▸ **WORK REQUIRED**
Your response should be an exact reproduction of the data below, beginning at the line containing "堂々と演じている姿を見て感動🥹" and ending with the final line.

▸ **RECORDS TO USE**
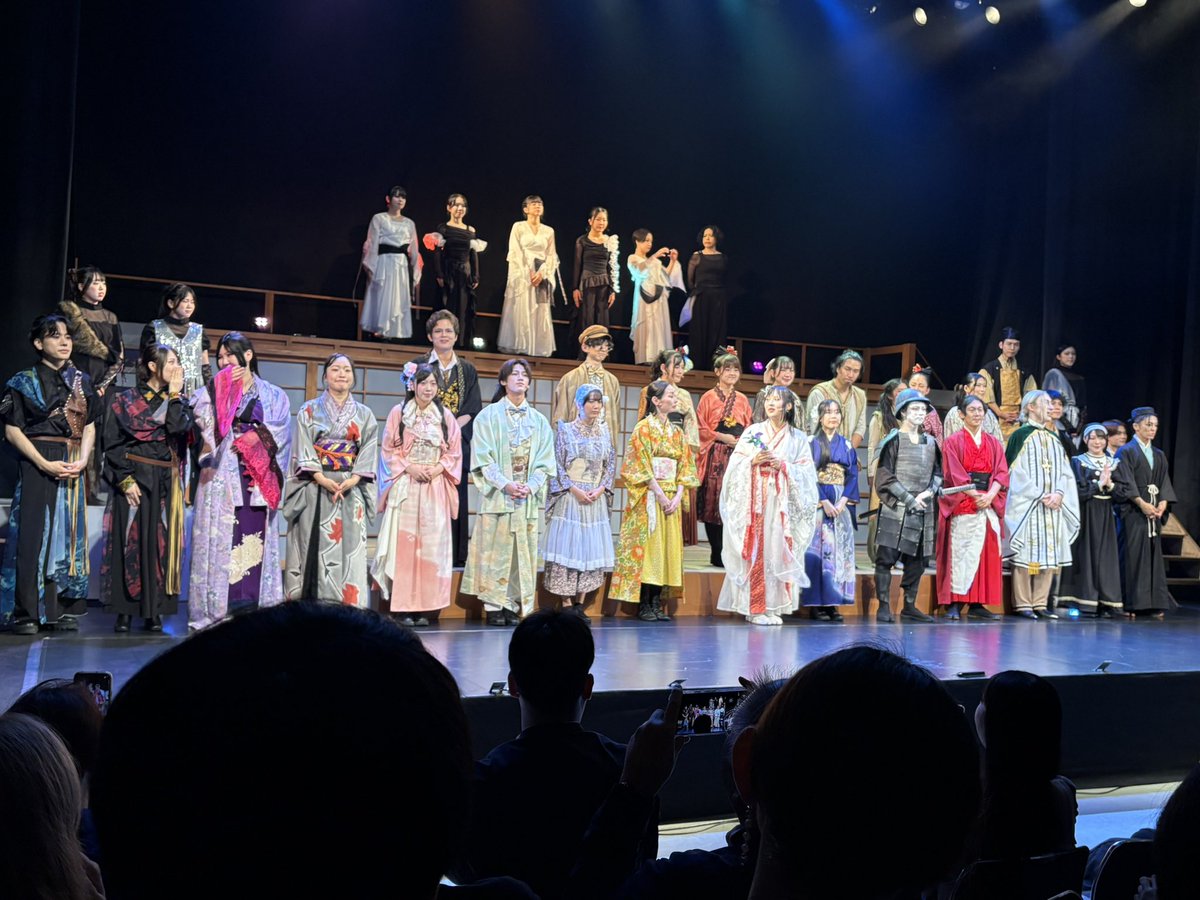 imp5656's tweet photo. 娘が出演する舞台を観てきました！
最初はダンサー役の予定が役名と台詞もいただきさらに殺陣まで！
堂々と演じている姿を見て感動🥹
笑いあり涙あり迫力あるシーンありで最後まで引き込まれる素敵な舞台でした！
シアターリライトの次回作にも期待です😎#ガラシャ #舞台ガラシャ #シアターリライト https://t.co/6lAsq86tdp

▸ **SOLUTION FOR THIS TASK**
堂々と演じている姿を見て感動🥹
笑いあり涙あり迫力あるシーンありで最後まで引き込まれる素敵な舞台でした！
シアターリライトの次回作にも期待です😎#ガラシャ #舞台ガラシャ #シアターリライト https://t.co/6lAsq86tdp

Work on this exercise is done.